Segment Start: Information provided

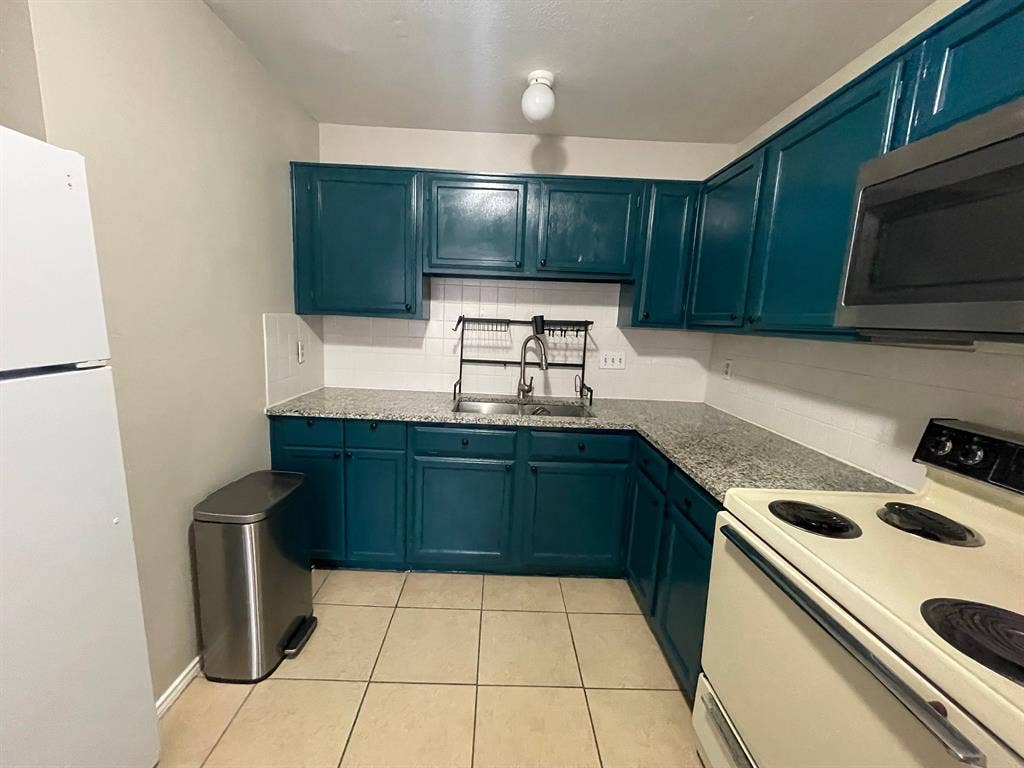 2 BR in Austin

Segment End: Information provided
Segment Start: Information provided

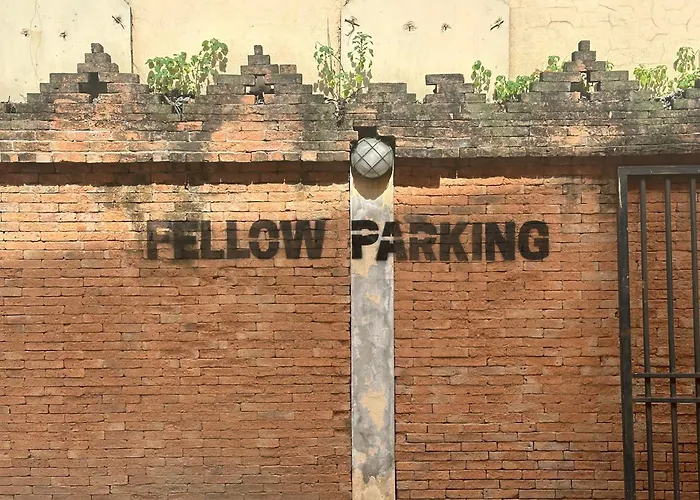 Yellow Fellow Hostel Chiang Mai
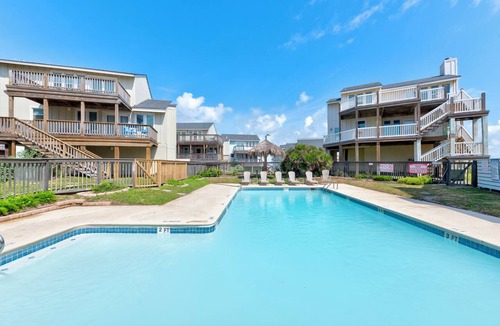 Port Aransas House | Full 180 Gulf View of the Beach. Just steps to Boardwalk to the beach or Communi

Segment End: Information provided

Directions:
Within the entries above, the lines from the one containing "Yellow Fellow Hostel Chiang Mai" through the one containing "Port Aransas House" are to be transcribed exactly, ends included, pictures excluded.

Answer below:
 Yellow Fellow Hostel Chiang Mai
 Port Aransas House | Full 180 Gulf View of the Beach. Just steps to Boardwalk to the beach or Communi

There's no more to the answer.